La silhouette di Pasolini, rosso su fondo verde, ha accompagnato le visioni del Fid Marseille 2013, il regista e scrittore italiano ne è infatti stato il nume tutelare ispirando gli itinerari intorno ai tre concorsi, internazionale, francese e opere prime. Una traccia sparpagliata anche nella città, tra i lavori in corso nella capitale europea della cultura, i nuovi musei freschi di apertura, e i progetti di recupero delle zone periferiche. Il motivo ricorrente in tutte queste trasformazioni è il Mediterraneo, ma non si tratta di sola retorica, Marsiglia è davvero un laboratorio attuale, e una memoria viva di conflitti e contraddizioni migranti e mediterranee.
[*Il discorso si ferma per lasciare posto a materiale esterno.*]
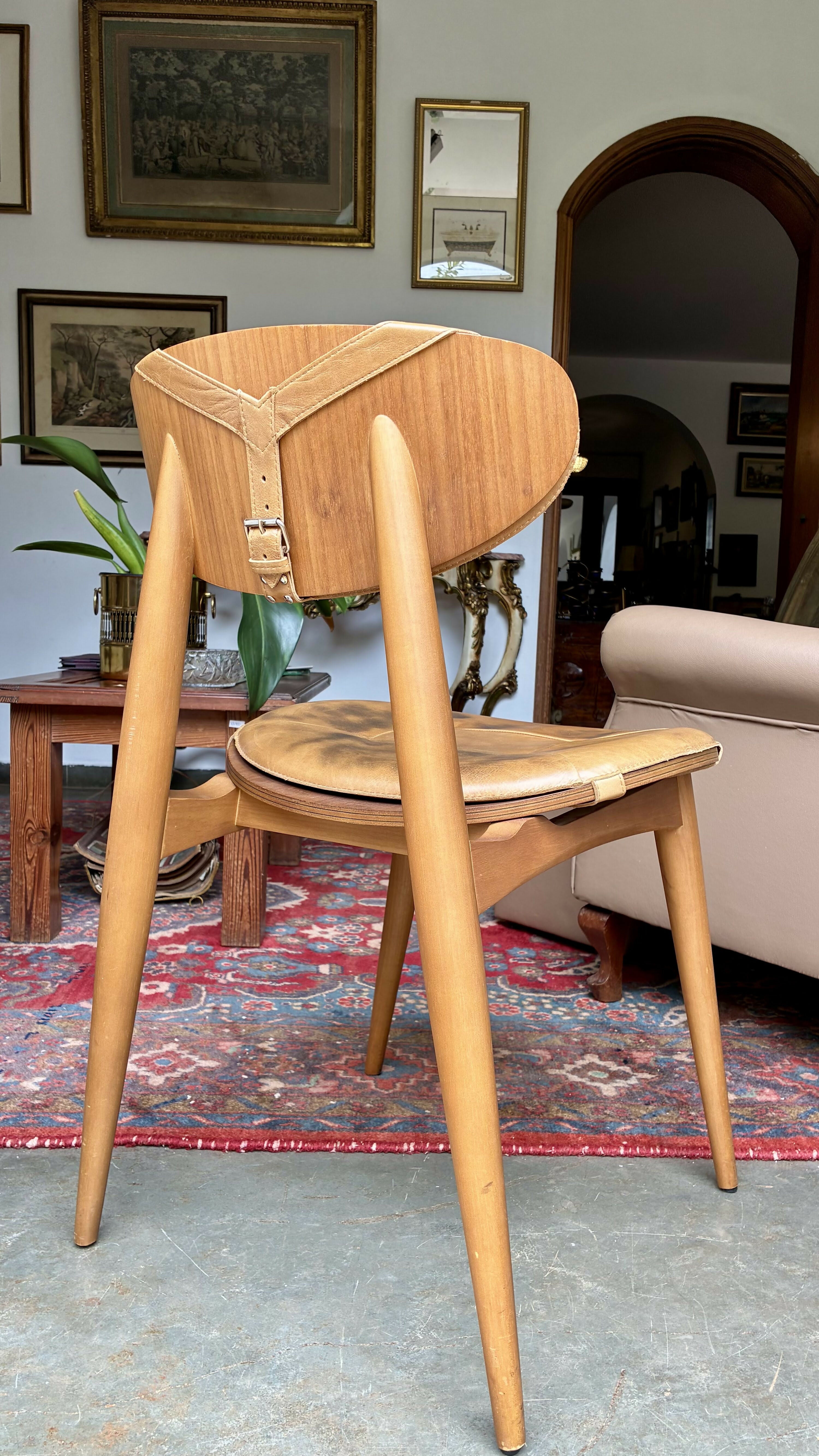 Cadeira de Design em Madeira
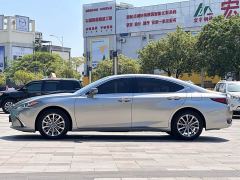 Lexus ES 200 Excellence Edition - photo 6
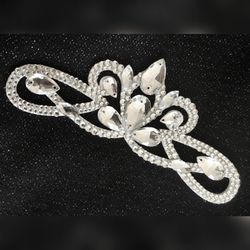 the bun crown diadem for rhythmic gymnastics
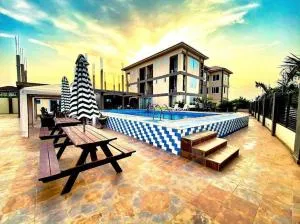 SM Premier Hotel - Nopendaw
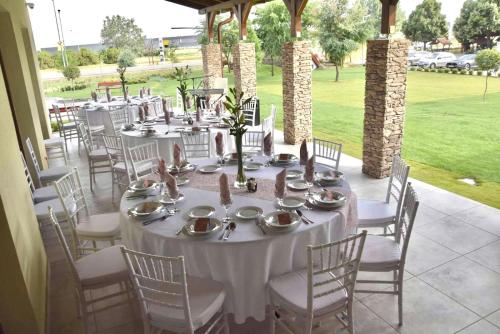 Food and beverages, Aurora Rendezvenyterem & Szallas in Jászberény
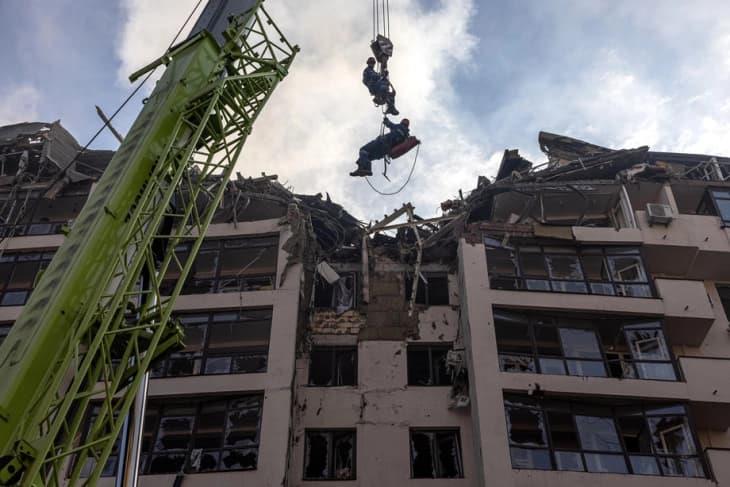 Бројот на жртви во рускиот напад врз Киев во текот на ноќта се искачи на шест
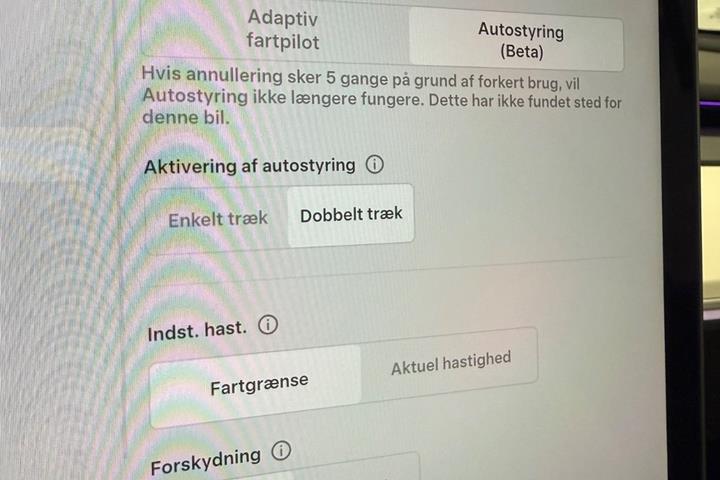 Hvid Tesla Model Y fra 2023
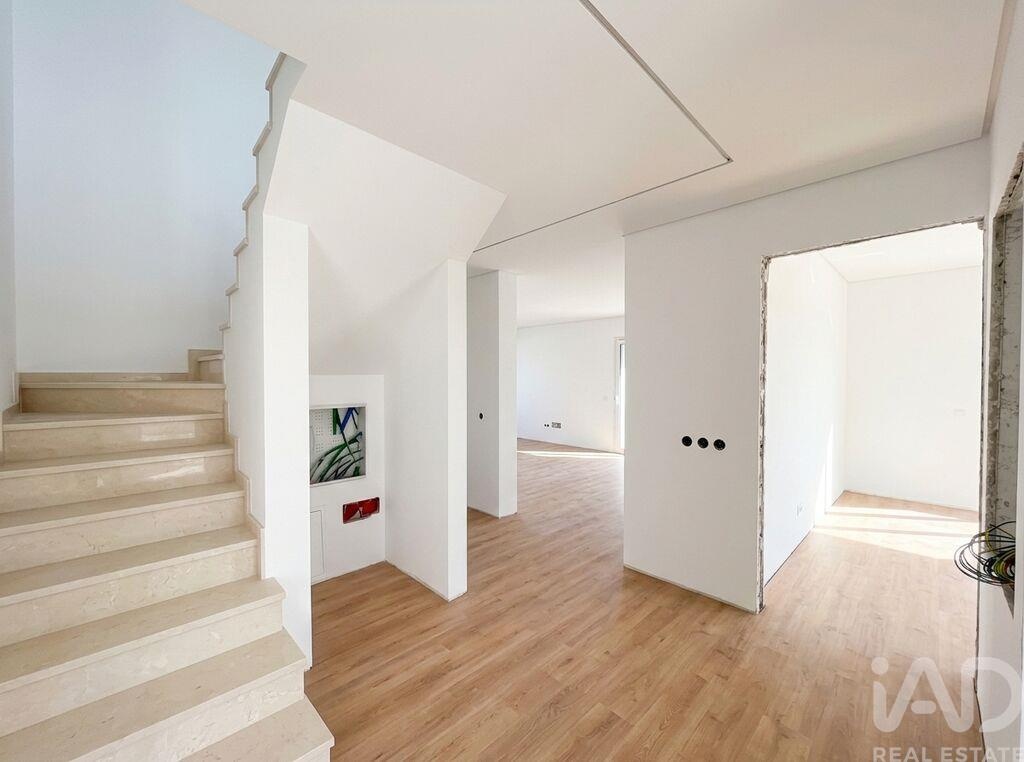 House in Fernao Ferro - Image 3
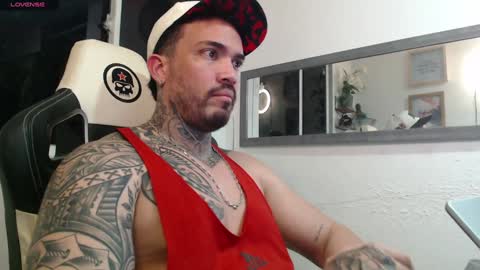 Snapshot of angellatino0 chatting on 17, 12, 2024 angellatino0 online show from 17, 12, 2024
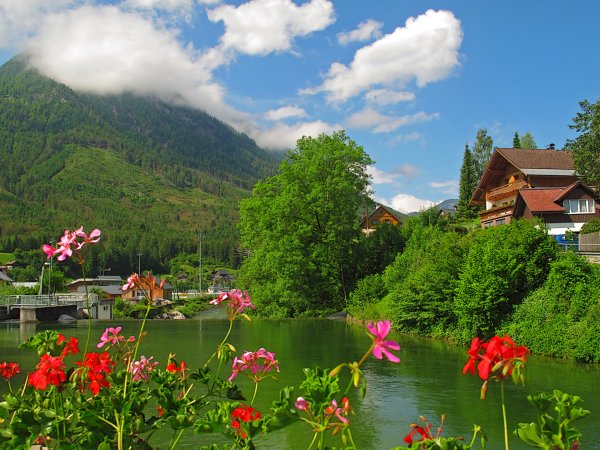 БАД Ауссе город в Австрии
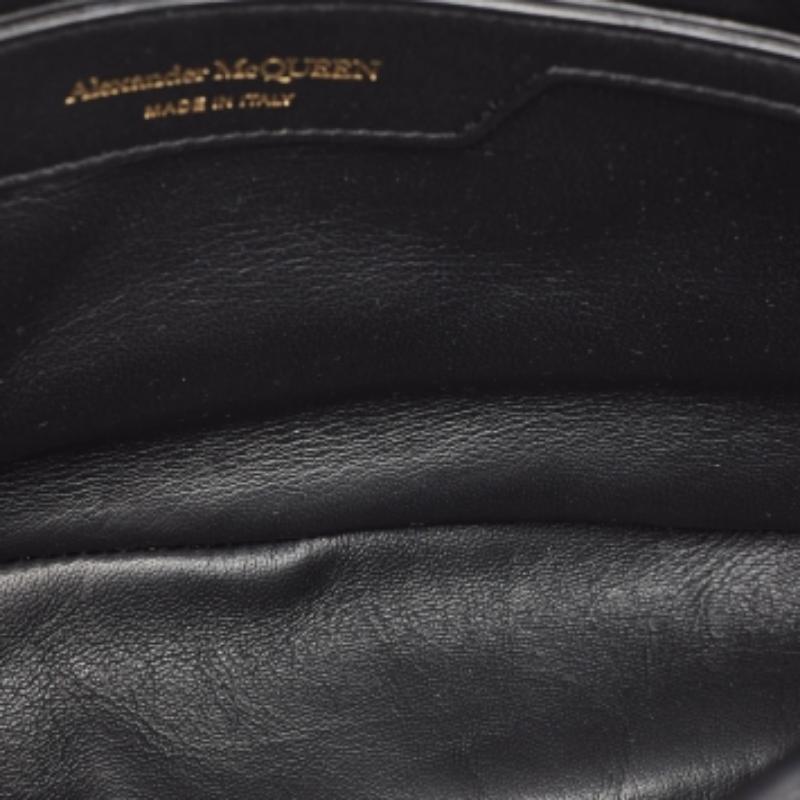 Alexander McQueen Borsa a tracolla piccola in pelle nera The Seal in vendita 5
Qui Marc Scialom ha ambientato il suo Lettre a la prison (mostrato dal Fid nel 2008), girato quasi clandestinamente con una macchina da presa prestata da Chris Marker. Ebreo di origini italiane, nato a Tunisi nel 1934, dopo le persecuzioni naziste nel ‘43 in Tunisia, Scialom si trasferisce in Francia e attraverso la sua esperienza racconta la violenza del colonialismo e il razzismo contro un esule arabo su suolo francese.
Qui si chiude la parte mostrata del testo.